Stablecoins: The Next Regulatory Battlefield
For Gottlieb, the next flashpoint lies with the stablecoin provisions of the Genius Act, passed earlier this year. “That’s mandated rulemaking,” he reminded attendees. “The Treasury and OCC must publish regulations by early 2027.”
The challenge, he explained, will be defining who counts as a “digital asset service provider” and what constitutes an unpermitted stablecoin. Section 411 of the Act, governing yield, rewards, and third-party issuers, leaves major interpretive gaps. “These are the battles being shaped right now,” Gottlieb said. “Do DeFi protocols count as issuers? What happens when software interfaces with liquidity providers? The text doesn’t resolve it, and that means the rulemaking will.”
Here again, the intersection of law and code becomes vivid. Regulators are being asked to define categories in systems that are programmable, composable, and borderless. The answer will determine whether the U.S. remains a hub for stablecoin innovation, or whether that innovation migrates offshore.
Preparing for Litigation 2.0
As Chervinsky noted, the industry’s newfound optimism comes with a dose of realism: every rule created now will likely be litigated later. “We used to sue the SEC; next time, we might be defending their rules,” he said wryly.

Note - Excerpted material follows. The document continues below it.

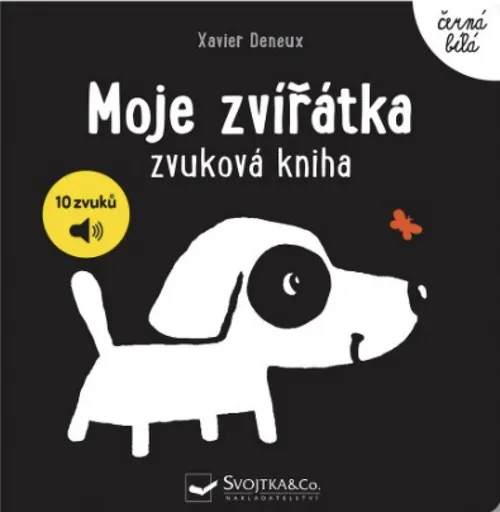 Moje zvířátka - Zvuková kniha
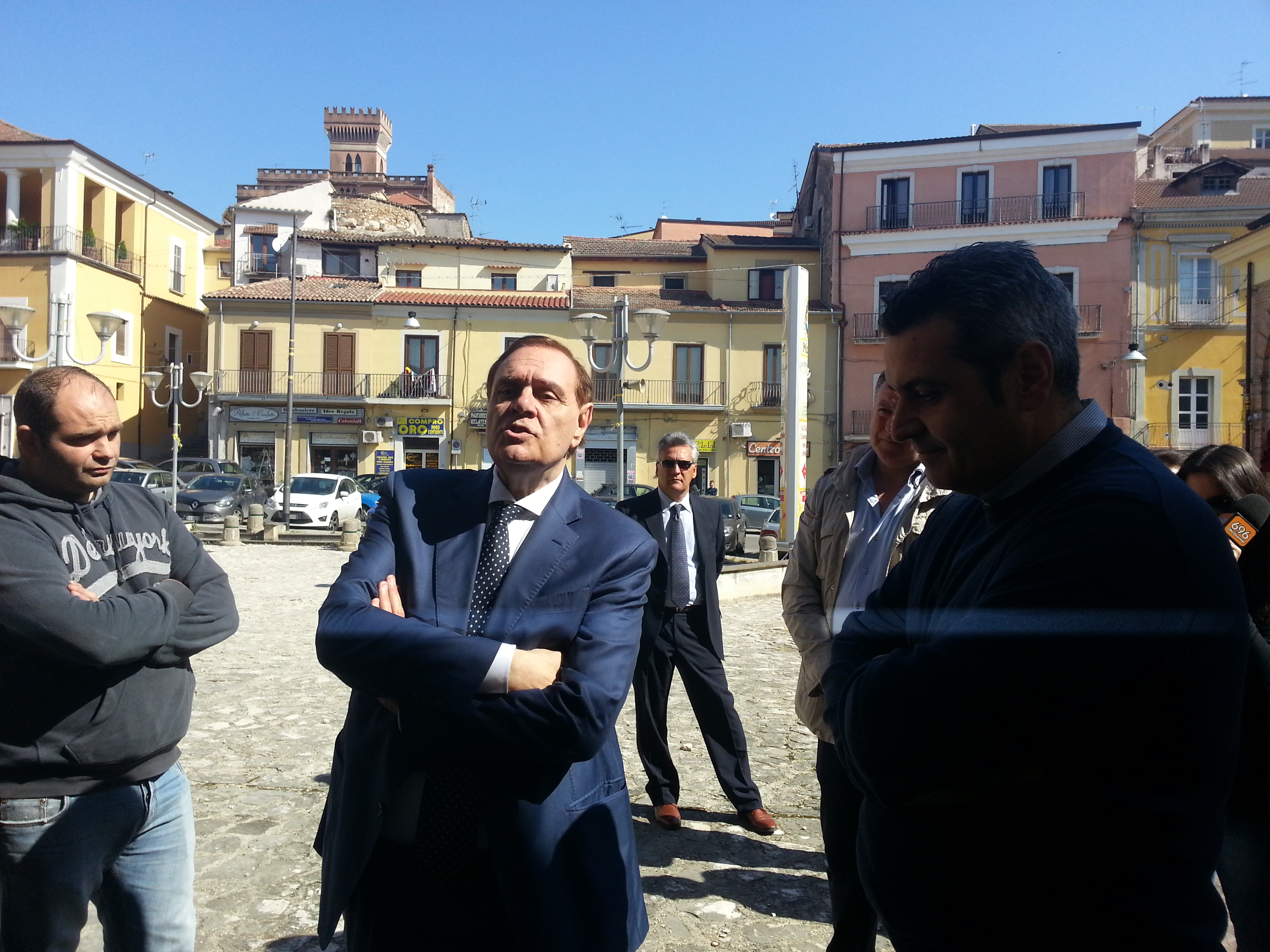 Benevento| Mastella al Malies: MPS non avrà spazio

Tuminelli agreed, “We could find ourselves filing amicus briefs for the SEC,” she said, and pointed to early signals of pushback from traditional finance and policy groups already “staking out aggressive positions” in public comments.
That, according to the panel, underscores the importance of building a robust administrative record, detailed, credible documentation of how decentralized systems operate. “If someone claims a wallet interface is a broker,” Gottlieb said, “we need to show exactly how it works, that there’s no custody, no discretionary control.”

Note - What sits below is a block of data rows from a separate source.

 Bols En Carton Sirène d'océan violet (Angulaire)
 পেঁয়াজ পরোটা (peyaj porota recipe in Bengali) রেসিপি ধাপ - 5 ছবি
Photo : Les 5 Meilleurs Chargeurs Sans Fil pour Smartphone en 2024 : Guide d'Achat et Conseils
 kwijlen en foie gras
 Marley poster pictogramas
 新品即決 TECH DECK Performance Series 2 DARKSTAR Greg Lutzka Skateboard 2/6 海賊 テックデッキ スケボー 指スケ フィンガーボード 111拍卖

In other words, the technology itself is evidence. For regulators and courts, open-source transparency could become the industry’s strongest legal defense.
Speed Matters: The Race to Lock in Rules
Littleton made a tactical point that resonated through the room: timing is everything. He urged the industry and friendly regulators to finalize crypto rules before political winds shift again. “A new administration might not defend these rules,” he warned. “It’s better to face litigation now, with allies in government, than later, when the government is on the other side.”

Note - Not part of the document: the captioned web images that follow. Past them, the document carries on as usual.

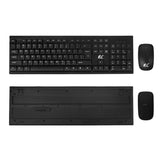 NanoRS, RS580 Combo de teclado e rato sem fios + tapete de rato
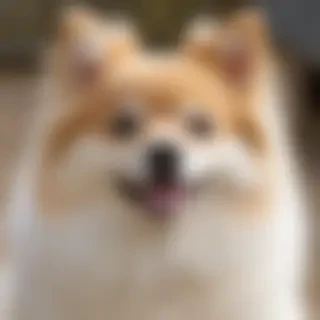 spitz dog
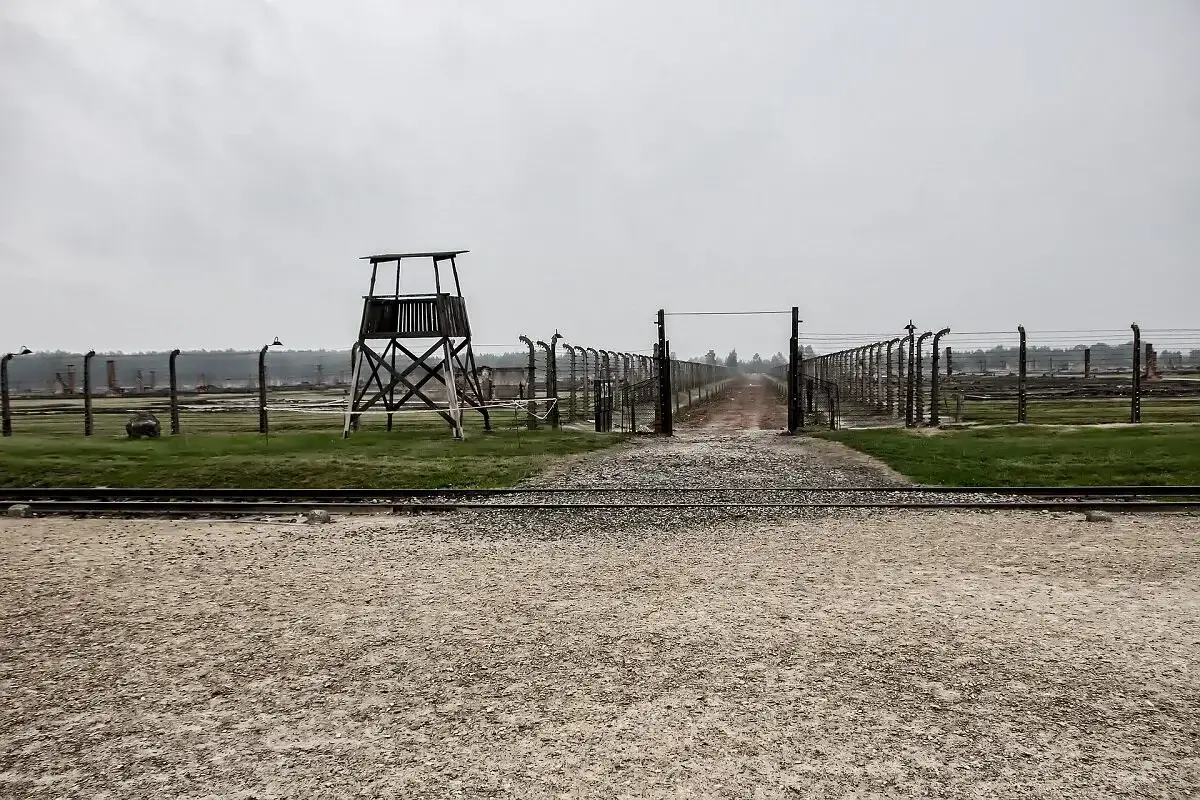 Treinspoor Auschwitz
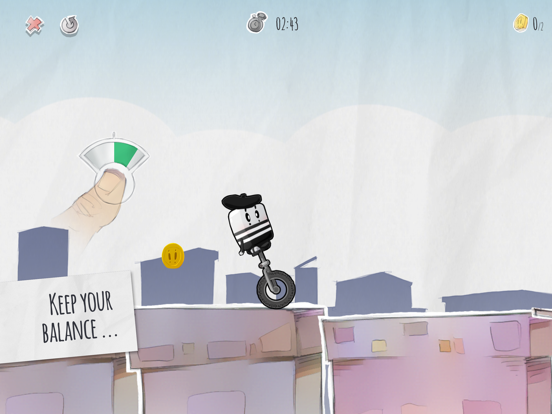تصاویر Unimime - Unicycle Madness iPad 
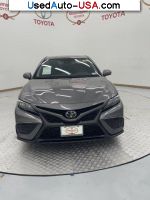 Toyota Camry SE  used cars market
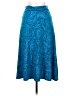Lularoe Paisley Blue Formal Skirt Size S - photo 1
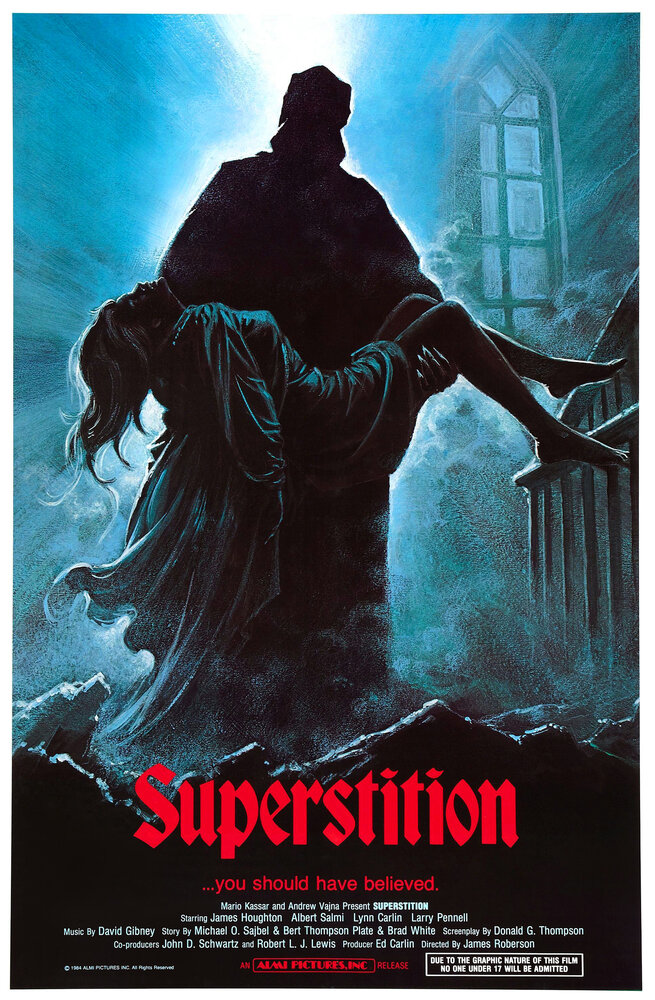 Суеверие (1982) постер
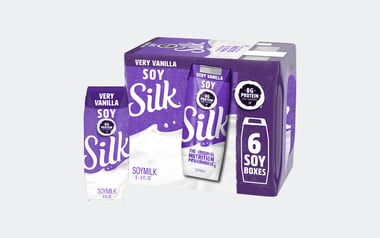 Very Vanilla Soy Milk 6-pack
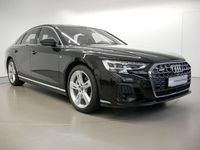 Gebraucht Audi A8 S-Line 460 PS (338 kW) 2022 Mythosschwarz metallic Limousine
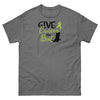 Non - Hodgkin's Lymphoma Boots Tee - JohnVsGBMGraphite HeatherS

Chervinsky closed the conversation with a final note of urgency. “One year from now,” he said, “I hope some of these rules are in place, and that we’re fighting over refinements instead of survival.”
The Technologist’s Takeaway
For technologists, this session underscored a simple truth: regulation, like protocol design, is modular, iterative, and fragile. The same way poorly written code can expose a system to exploits, poorly drafted laws can expose innovators to risk. But in both domains, open collaboration leads to stability.
The crypto industry’s evolution from resistance to participation mirrors the broader ethos of Web3, decentralized coordination in pursuit of shared public goods. The “road ahead” in rulemaking is messy, but it’s progress all the same. The builders who understand governance, both algorithmic and regulatory, will shape the infrastructure of finance for decades to come.